Apple is well-known for being exceedingly secretive --- some would say paranoid --- in the way it hides information. It has fired employees for leaking information, and sued bloggers who managed to find out information about upcoming Apple products and wrote about it.

In the case of Jobs' health, Apple has changed its story several times, or simply given out no information.

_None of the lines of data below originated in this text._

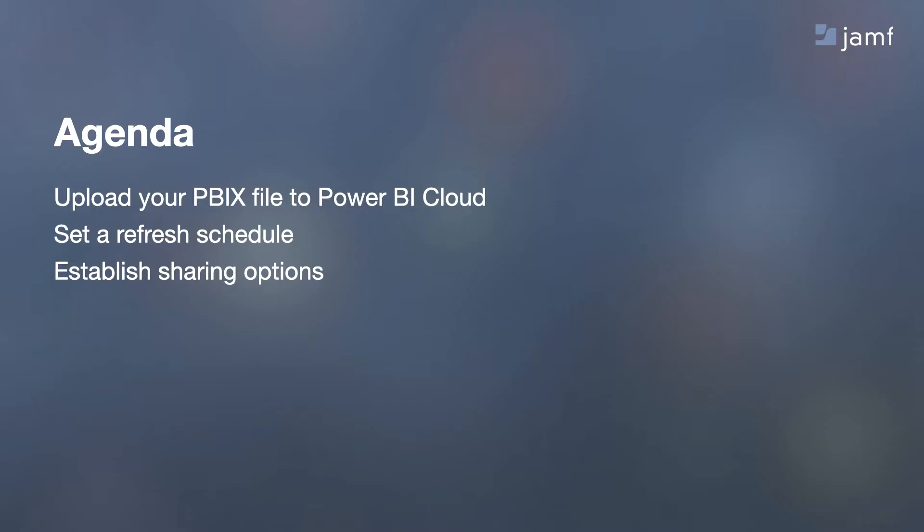In this last section we're going to upload our PBIX file to Power BI Cloud so that this data can be accessed from anywhere and not just from Power BI Desktop.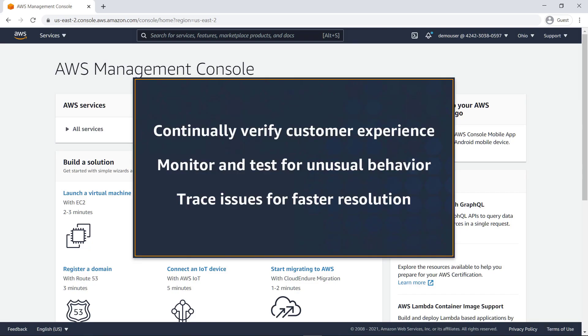In this video, you'll get an introduction to Amazon CloudWatch Synthetics. With this feature, you can create different kinds of canaries to continually verify your customer experience even when you don't have traffic, monitor and test for unusual behavior, and trace issues to their source for faster resolution.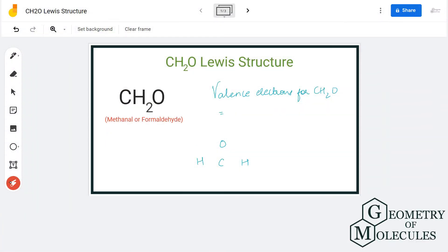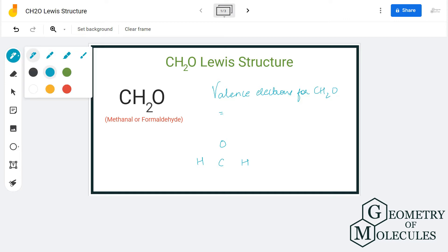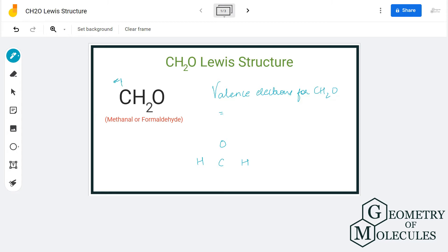Today in this video we are going to look at the Lewis structure for the CH2O molecule. It's the chemical formula for formaldehyde, also known as methanal. To understand the Lewis structure, we will first look at the total number of valence electrons. Carbon has four valence electrons, oxygen has six valence electrons, and each hydrogen will have one valence electron, so in total we have 12 valence electrons for this molecule.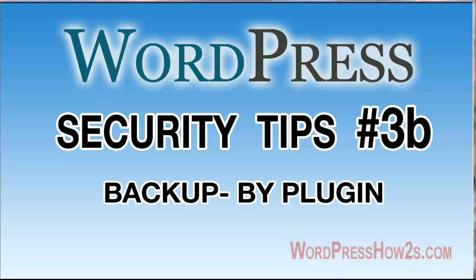Hi, it's Mike, WordPress How-Tos, Security Tips Video 3B. This is about backing up using a plugin.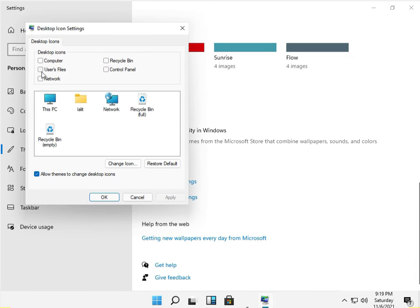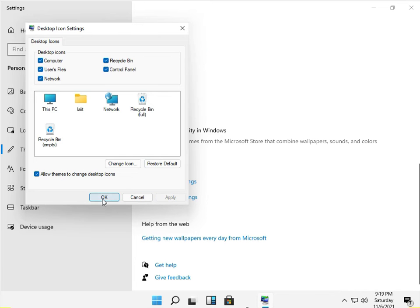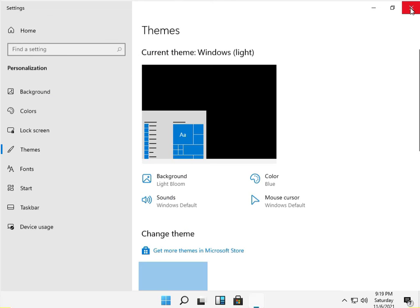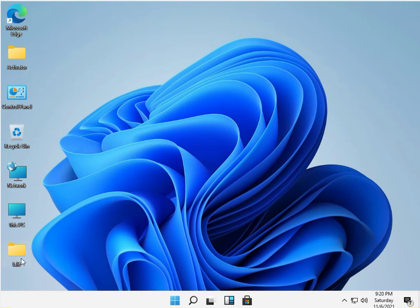Check all desktop icon settings: Network, Users, File, Computer, Recycle Bin, Control Panel. Then click Apply and OK. Close. This is This PC, Network, and Recycle Bin now showing on the desktop.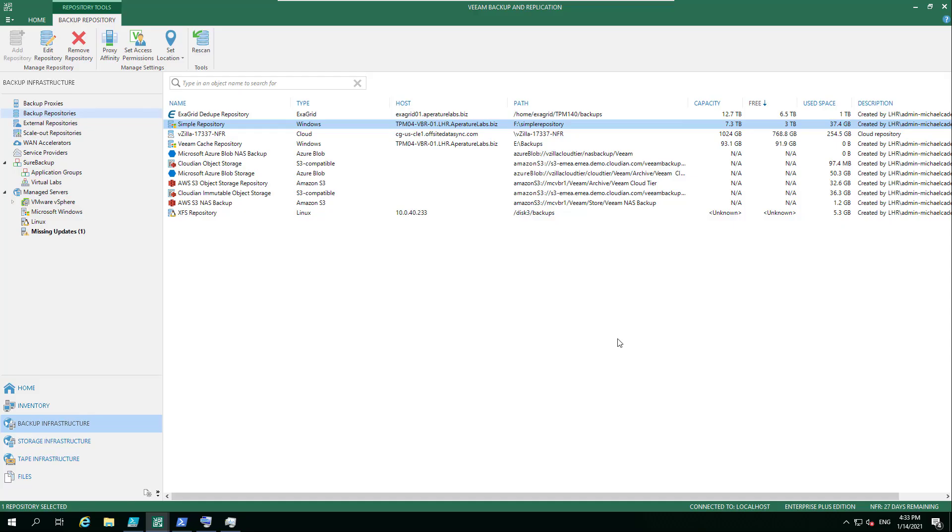Hey everyone, this week I was asked a question about scale-out backup repositories. We talk a lot about the benefits of scale-out backup repositories, but there are still many customers using the simple repository.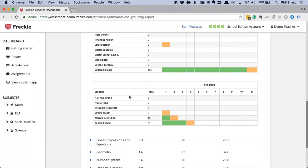So at this point we know how students can go in on their own and practice at the level that's best for them automatically, how we can assign specific standards, how we can see how they've done on assignments, and how we can look at reports to know how students are doing individually and as a class across multiple standards. We did all that in 20 minutes. Now I want to show you a few more things — I'm saving my most favorite part for last.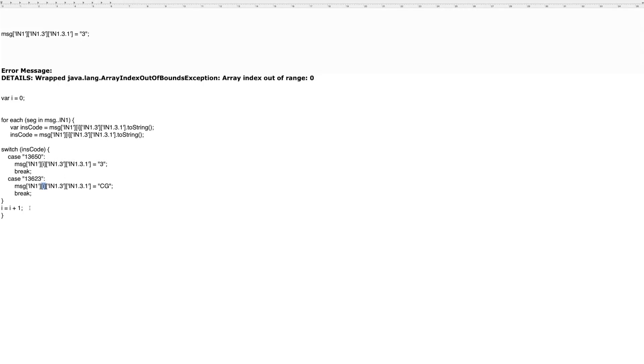And then at the end and out of this case statement, I'm incrementing I by one. And then I'm looping back around. So zero first time, then one, then two, then three, and on through for as many insurances as this particular patient could have.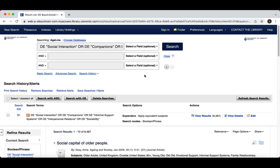Use the thesaurus before you start to have a good idea of what some of the synonyms for your terms are, but oftentimes you'll pick up more text words as you go along with your search. Text words are located in fields like the title, the abstract, and the author supplied keywords.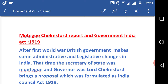After the First World War, the British government made some administrative and legislative changes in India. At that time, the Secretary of State was Montagu and the Governor was Lord Chelmsford. They brought a proposal which was formulated as the India Council Act 1919.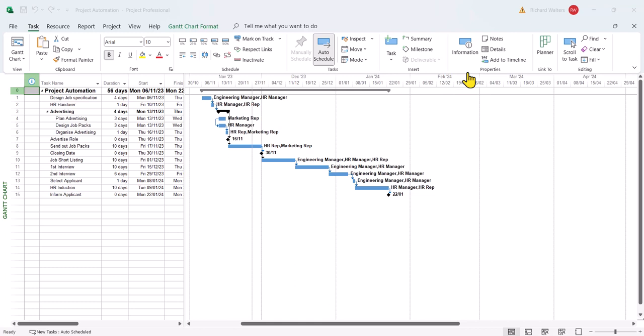In this demonstration, we're going to look at automation within Microsoft Project, looking at three automated features, namely the project start or finish date, lag and lead time, as well as constraints.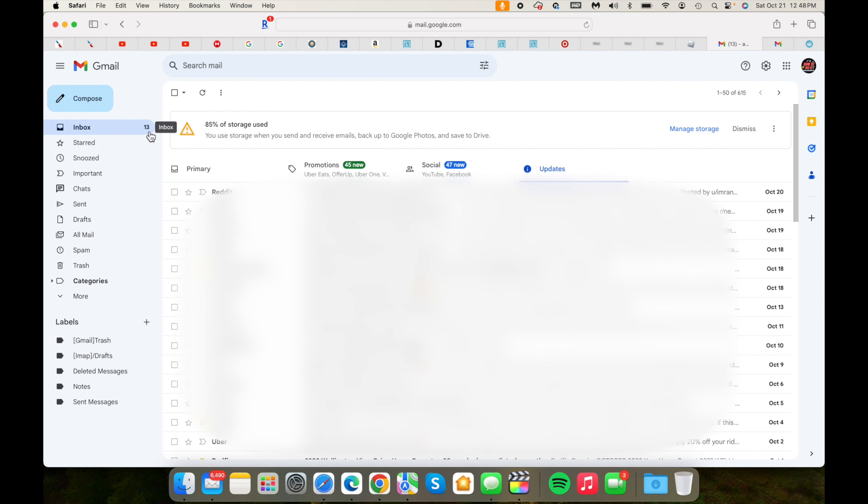Now when you go into updates, you're going to see a lot of emails. Notice how my email size reduced to only 13, and I had like 100 plus emails. What it did was basically remove all the updates and some of the junk emails from Google, Venmo, and all that stuff.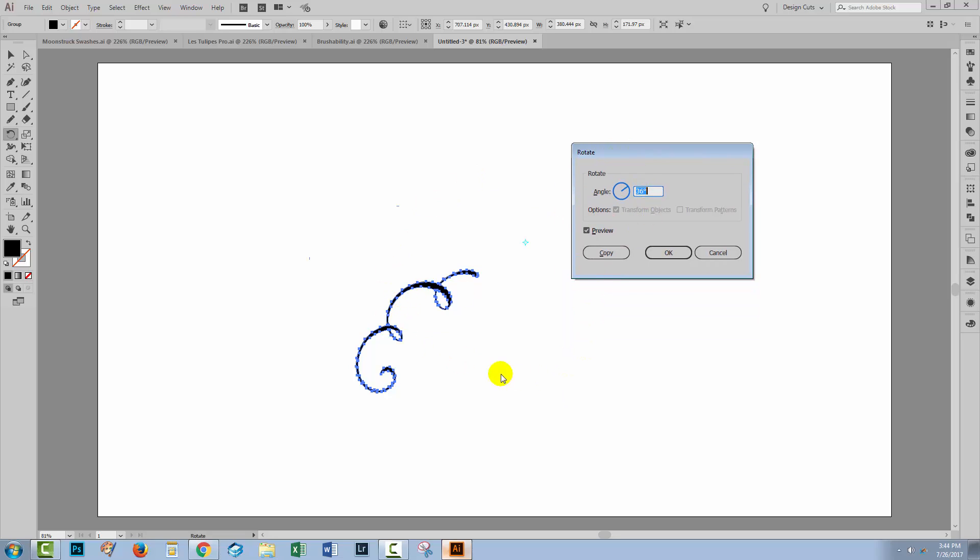Now if I want to space this object evenly around a circle, I can do so very easily. What I'm going to do is I'm going to type in 360 because that's the number of degrees in a circle, and then I'm going to divide it by how many shapes I want around my circle. So I don't have to do the math. So I'm going to make 15 shapes. So I'll type in 15. And because I want to not only rotate but also copy, then I can click Copy.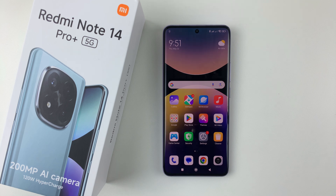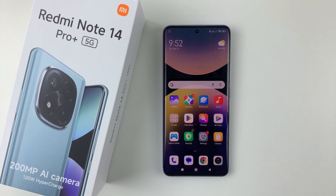Welcome back. In this video, I'll show you how to enter the safe mode on the Redmi Note 14. I'm using the Redmi Note 14 Pro Plus, but the same steps should apply on the other Redmi Note 14 phones.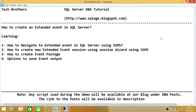Welcome to Tech Brothers. In this video we're going to learn how to create an extended event in SQL Server. We'll cover how to navigate to extended events using SQL Server Management Studio, how to create a new extended event session using the session wizard, how to create an event package, and options to save event output. We'll be using two ways: SQL Server Management Studio and T-SQL script.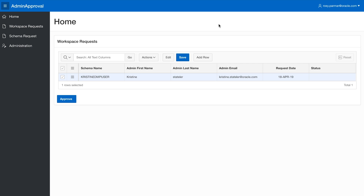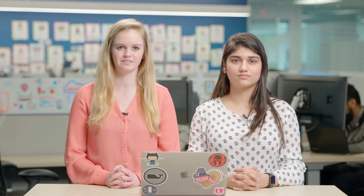Once logged in, the admin is able to see a list of the workspace requests. Here the admin is able to see the most recent request submitted by the user. Only the admin of Data Marketplace is able to change the status of the request. To change the status, the admin will click on the drop-down box under status and click approved.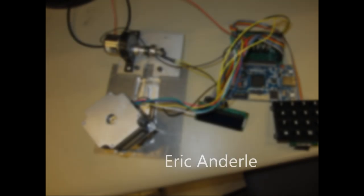Hi, I'm Joe Pesteros, I'm Eric Anerly, and this is the Combination Lock Picker.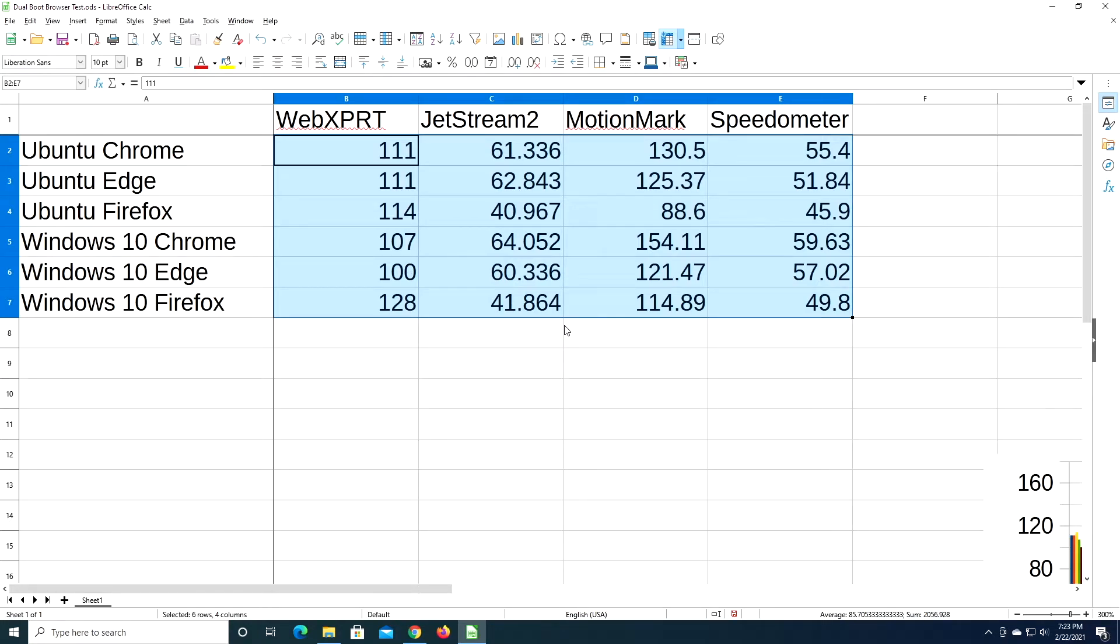For the WebXPRT benchmark, the highest score was Windows 10 Firefox with 128, and the next highest was Ubuntu Firefox at 114. And then after that, we have Ubuntu Chrome and Edge had 111.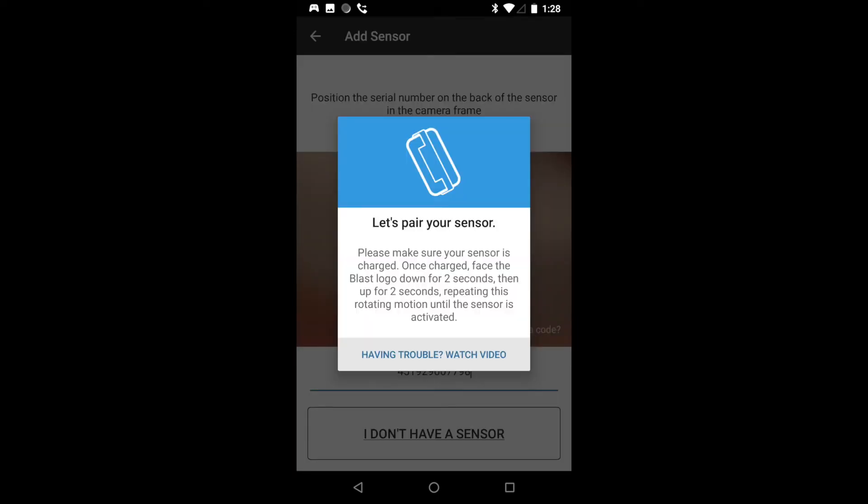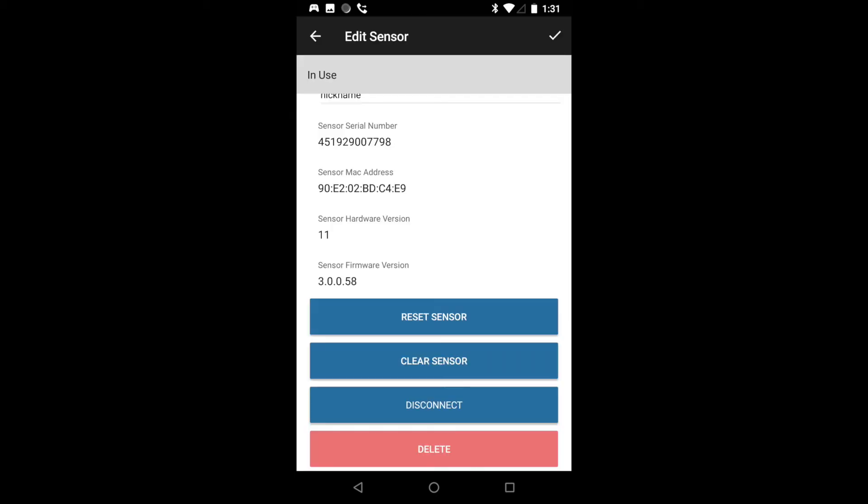From here it is going to ask us to wake up our sensor by flipping it back and forth in our hand. The sensor will then pair to your account where you can view it on the my sensors page.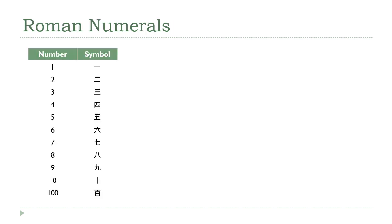So I have here the 9 Chinese-based numerals, 1 through 9, and the characters for 10 and 100. So let's say, for example, we have a number like this one. And you notice I've written it top to bottom, as Asian scripts usually are.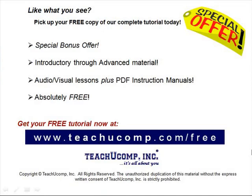Like what you see? Pick up your free copy of the complete tutorial at www.teachucomp.com/free.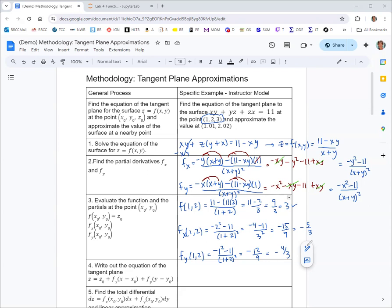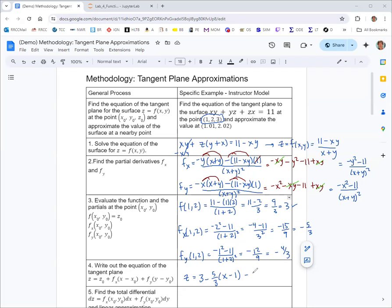All right. So we're actually ready to set up the equation of the tangent plane. Sometimes that's all you need to do. And you would start with the z value. So z equals the starting z value, which was 3. And then the partial derivative of f with respect to x. So I guess we want minus here. And then in parentheses, x minus the x value, which is 1. Plus the partial derivative of f with respect to y. So that's the 4 thirds. And then y minus the y value. Notice the equation of our tangent plane. For approximating with this, we're going to do some additional steps that may come up in certain problems.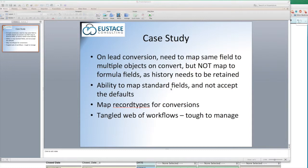which, as you know, in the lead mapping screen in Salesforce, you don't have the option to control those. And they did not want to map to just one field and create a formula field, because doing that you end up losing the history.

First the company said he had no health problem, then said he had a hormone imbalance, and then only revealed he had a liver transplant after the Wall Street Journal ran a story about it.

When a run-of-the-mill employee has a health problem, a public company like Apple has no responsibility to reveal it. However, when someone like Steve Jobs has a health problem, it has a responsibility to let the world know about it, because without Jobs, Apple is a very different company. Because Apple is a public company, it has an obligation to tell the truth about Jobs' health.

That's the gist of what Warren Buffet said today in an interview on CNBC. He told the interviewer:

"If I have any serious illness, or something coming up of an important nature, an operation or anything like that, I think the thing to do is just tell the American, the Berkshire shareholders about it. I work for 'em. Some people might think I'm important to the company. Certainly Steve Jobs is important to Apple. So it's a material fact. Whether he is facing serious surgery or not is a material fact. Whether I'm facing serious surgery is a material fact. Whether (General Electric CEO) Jeff Immelt is, I mean, so I think that's important to get out. They're going to find out about it anyway so I don't see a big privacy issue or anything of the sort."

According to a CNBC news story:

"The government defines a material fact as something that a reasonable investor would want to know when making an investment decision, and companies are required to disclose "material" information in a timely way."

Did Apple break the law? I think it did, and appears that Buffet believes that as well. This time, Apple went too far with its veil of secrecy.